Eight Simple Steps for Adding Gender to Your Database

LinkedInTwitterGoogle+Share

Marketing Consultant Lead Generation Minneapolis St Paul Minnesota AtlantaI imagine I have some readers that think these posts on messaging are too philosophical and not actionable enough.   Why not discuss the particulars of lead generation, 1:1 email marketing, subject line testing and so on?

The problem with diving into the detail is not that it’s not important.  It is.  But from and order of operations standpoint, B2B marketers must have their messaging down cold before any of marketing campaign or technology is relevant.  It doesn’t matter how many emails you send, or what your open rate is if your message is confused.

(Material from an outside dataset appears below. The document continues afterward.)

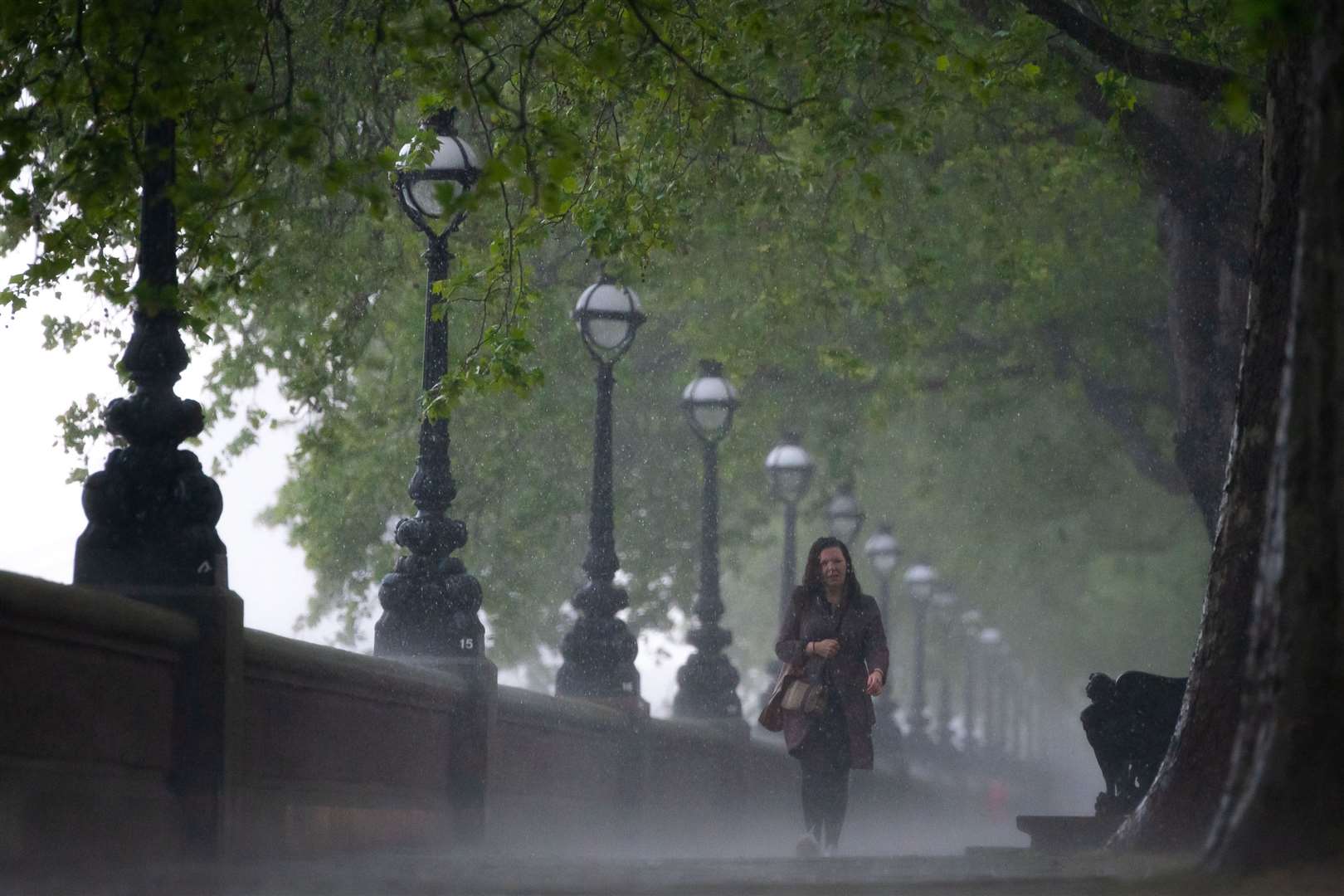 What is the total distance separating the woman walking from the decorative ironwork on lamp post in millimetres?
4414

However, just to satisfy the need to deep dive and get technical, let’s talk about sex, or rather gender.  Regardless of your gender, if you’re a B2B marketer and not considering it, you are missing a key element in messaging.

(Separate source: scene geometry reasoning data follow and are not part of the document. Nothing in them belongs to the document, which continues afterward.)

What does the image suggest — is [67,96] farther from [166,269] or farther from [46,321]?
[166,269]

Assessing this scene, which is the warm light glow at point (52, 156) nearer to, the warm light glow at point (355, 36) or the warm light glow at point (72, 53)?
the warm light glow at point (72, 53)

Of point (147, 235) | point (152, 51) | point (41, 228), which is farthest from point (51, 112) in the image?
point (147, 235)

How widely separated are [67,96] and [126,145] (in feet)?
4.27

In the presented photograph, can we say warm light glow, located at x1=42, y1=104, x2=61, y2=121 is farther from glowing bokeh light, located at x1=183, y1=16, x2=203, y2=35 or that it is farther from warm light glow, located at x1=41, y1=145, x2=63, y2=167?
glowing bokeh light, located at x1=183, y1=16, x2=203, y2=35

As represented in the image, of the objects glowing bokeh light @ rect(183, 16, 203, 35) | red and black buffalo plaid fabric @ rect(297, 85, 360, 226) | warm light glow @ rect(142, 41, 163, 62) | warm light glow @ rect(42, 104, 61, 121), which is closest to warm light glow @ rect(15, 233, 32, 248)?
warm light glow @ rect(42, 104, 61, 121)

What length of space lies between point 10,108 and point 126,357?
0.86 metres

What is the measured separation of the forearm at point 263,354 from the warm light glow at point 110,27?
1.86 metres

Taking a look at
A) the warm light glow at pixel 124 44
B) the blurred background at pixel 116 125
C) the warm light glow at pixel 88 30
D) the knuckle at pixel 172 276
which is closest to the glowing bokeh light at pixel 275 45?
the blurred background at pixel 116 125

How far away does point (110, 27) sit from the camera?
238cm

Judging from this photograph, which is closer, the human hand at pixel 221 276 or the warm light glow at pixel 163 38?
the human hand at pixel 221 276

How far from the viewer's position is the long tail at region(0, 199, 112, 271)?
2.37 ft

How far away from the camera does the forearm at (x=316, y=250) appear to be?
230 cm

While 90% of marketers may acknowledge that gender is important, I find only 10 percent of 1:1 marketing campaigns or databases have any data on gender.  Of course they know Linda is a woman’s name and Michael is a man’s name, and can see this in their data.  But they’ve failed to go the final step and add the gender to the database.

The reason for this is that most data is imported and doesn’t contain gender information.  Going back through a database with tens of thousands of names and trying to determine gender looks daunting.  But it’s not.  Here’s a simple deep dive technique to add gender to your database.

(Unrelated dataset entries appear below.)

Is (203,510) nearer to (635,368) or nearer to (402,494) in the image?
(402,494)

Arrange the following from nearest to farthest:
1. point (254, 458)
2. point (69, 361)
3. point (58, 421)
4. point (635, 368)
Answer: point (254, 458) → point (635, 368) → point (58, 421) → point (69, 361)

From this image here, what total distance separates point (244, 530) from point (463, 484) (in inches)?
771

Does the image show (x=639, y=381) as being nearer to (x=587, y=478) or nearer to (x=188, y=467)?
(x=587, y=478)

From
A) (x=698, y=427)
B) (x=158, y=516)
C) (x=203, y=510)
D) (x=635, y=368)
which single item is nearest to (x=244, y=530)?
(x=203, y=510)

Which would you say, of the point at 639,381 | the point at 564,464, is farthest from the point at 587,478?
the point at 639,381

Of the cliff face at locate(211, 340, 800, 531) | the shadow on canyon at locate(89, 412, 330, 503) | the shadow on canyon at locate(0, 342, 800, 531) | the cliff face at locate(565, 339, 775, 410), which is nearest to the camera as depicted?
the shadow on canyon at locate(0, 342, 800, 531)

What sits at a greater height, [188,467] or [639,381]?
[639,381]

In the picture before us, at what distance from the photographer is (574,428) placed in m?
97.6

Step 1: Go to the US census bureau’s database of female names and download it into an Excel worksheet.  In a column next to the name add a column called gender.  Mark all names in this column “female.”

Step 2: Go to the same database and download male names. Create the column and mark these names “male.”

Step 3: Eliminate gender neutral names like Pat, Chris and Lee.  Do this by setting up VLOOKUP in Excel and comparing male to female and female to male.  You’re going to find and interesting thing.  There are more male names in the female list than female names in the male list.  It looks like men name their female children after themselves more often than you would think.  You may have to eyeball a number of names, but you will wind up eliminating the top 100 gender confused names.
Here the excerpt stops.